We were pretty much the epicenter of the middle of nowhere.
At least, that's what I thought.
Turns out, I couldn't have been more wrong.
There was a curse.
There was a girl.
And in the end, there was a grave.
Lena Duchannes is unlike anyone the small Southern town of Gatlin has ever seen, and she's struggling to conceal her power and a curse that has haunted her family for generations. But even within the overgrown gardens, murky swamps and crumbling graveyards of the forgotten South, a secret cannot stay hidden forever.
Ethan Wate, who has been counting the months until he can escape from Gatlin, is haunted by dreams of a beautiful girl he has never met. When Lena moves into the town's oldest and most infamous plantation, Ethan is inexplicably drawn to her and determined to uncover the connection between them.
In a town with no surprises, one secret could change everything.
There were quite a few things that were different about this book, that were enjoyable. The POV in this book is from the main character Ethan, so it was different reading a YA novel from a male teen's POV. I liked it, it might not be completely believable, because Ethan is a 16 yr old male, but it was still different in an excellent way.
The length of this novel was also very nice, there was some over desciption sometimes, but most of the time the descriptions in the story were rich and vibrant, almost like textiles that you can reach out and run your fingers over each one. The gothic undertones of Lena's family were also very vibrant and excited to learn and read about, it was almost as if there needs to be a dictionary just to list each of her family members and explain more about them.
The fact that there are no vampires or werewolves in this story was refreshing, the retreat into witch lore is always intriguing, seeing as its always different and its a classic in literary terms; there is always more to learn about in regards to beliefs and how others perceive witch's. Might not be a great thing to be a witch in a severely southern "bible-belt" town. Definitely not.
This book was interesting, engaging, and after a slow start picks up tremendously, it drags the reader into a world of magic and love that is a bit Romeo and Juliet-esque. The frequent mention of different authors and their works was also refreshing and interesting because I myself have never read some of the authors mentioned and will now look into them. If I myself am intrigued by some of these classics maybe some teens that wouldn't give them the time of day before will look into them with a fresher perspective than mandatory reading. I would definitely recommend this book to others and will keep it on my shelf for future reads, after I mail it to my teen sister to borrow.
Received from: Purchased
For more information or for purchasing visit Kami Garcia or Margaret Stohl's webpage.
I give this book 4/5 stars. ★ ★ ★ ★
1. All the lies and deceit that was occurring in the book to the teenagers seemed a bit much, right?
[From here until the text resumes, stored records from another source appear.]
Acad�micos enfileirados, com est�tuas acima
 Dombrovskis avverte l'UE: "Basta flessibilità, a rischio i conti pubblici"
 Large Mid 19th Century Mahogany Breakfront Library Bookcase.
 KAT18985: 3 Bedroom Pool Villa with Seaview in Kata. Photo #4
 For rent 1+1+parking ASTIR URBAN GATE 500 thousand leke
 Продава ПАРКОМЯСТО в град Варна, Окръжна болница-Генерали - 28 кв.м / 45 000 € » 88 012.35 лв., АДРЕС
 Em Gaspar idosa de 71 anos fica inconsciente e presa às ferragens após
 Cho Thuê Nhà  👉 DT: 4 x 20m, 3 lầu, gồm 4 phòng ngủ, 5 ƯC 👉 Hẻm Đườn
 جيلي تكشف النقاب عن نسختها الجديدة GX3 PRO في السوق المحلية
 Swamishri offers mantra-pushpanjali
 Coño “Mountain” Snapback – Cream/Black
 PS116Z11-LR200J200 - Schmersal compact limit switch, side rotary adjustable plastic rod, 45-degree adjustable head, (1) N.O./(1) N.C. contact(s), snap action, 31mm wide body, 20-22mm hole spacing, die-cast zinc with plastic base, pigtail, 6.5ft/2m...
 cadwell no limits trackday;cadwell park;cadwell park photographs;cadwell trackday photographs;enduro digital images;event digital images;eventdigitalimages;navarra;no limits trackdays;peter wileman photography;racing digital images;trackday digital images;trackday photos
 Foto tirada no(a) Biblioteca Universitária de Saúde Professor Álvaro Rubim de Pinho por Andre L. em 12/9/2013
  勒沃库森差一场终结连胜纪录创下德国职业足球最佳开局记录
Do we lie to our children to protect them, or brutal honesty? It seems like a reoccurring theme in Hollywood and literature, but is it a reoccurring them in real life?
I think once a child or young adult is old enough to grasp a concept of something then they should be informed completely about said concept and be able to act in a manor that befits knowledge instead of ignorance. If you teach a teen about sex, how to protect themselves, and why they shouldn't have it before marriage (or whenever) then they will understand it better than when you say "Just don't do it", and then when the time comes to make a decision, they will know the correct path.
2. Do you feel Lena and Ethan were too chaste, with only random kissing? With rampant teenage pregnancies and condoms being distributed in schools, do you feel these YA novels that stick to just kissing and no cursing aren't reality, or do you agree with their good show of morals?
Sadly, I think that no...teenagers face sex every single day. With hormones, peer pressure and pressure from the opposite sex sometimes even, its hard to remain an outsider as a teen in that sort of environment. Maybe though this situation is more normal for severely religious and small towns, but I doubt it. I am not saying there should be sex in YA romance...but, it shouldn't be hidden either, this goes with my answer to the first question.
3. Obviously the authors lean towards a very strong liberal political viewpoint...the story does a great job labeling conservatives as bible thumping, closed minded racists who burn books........in that sense how do you feel about censorship and do you feel its fair to label all conservatives this way?
Definitely not. I am conservative in my political views and such, but I am the opposite of a bible thumper, I am a card carrying Pagan, and I am definitely not racist or closed minded...so nope, don't agree with that view point at all.
4. Southern, small town close-mindedness is a big feature of Beautiful Creatures, did you find the towns reaction to Lena something that could really happen, or a gross Southern, small-town stereo-type?
Nope, unfortunately I think small-town close mindedness is a very prevalent thing in the South and even in the North...its still very much a real issue.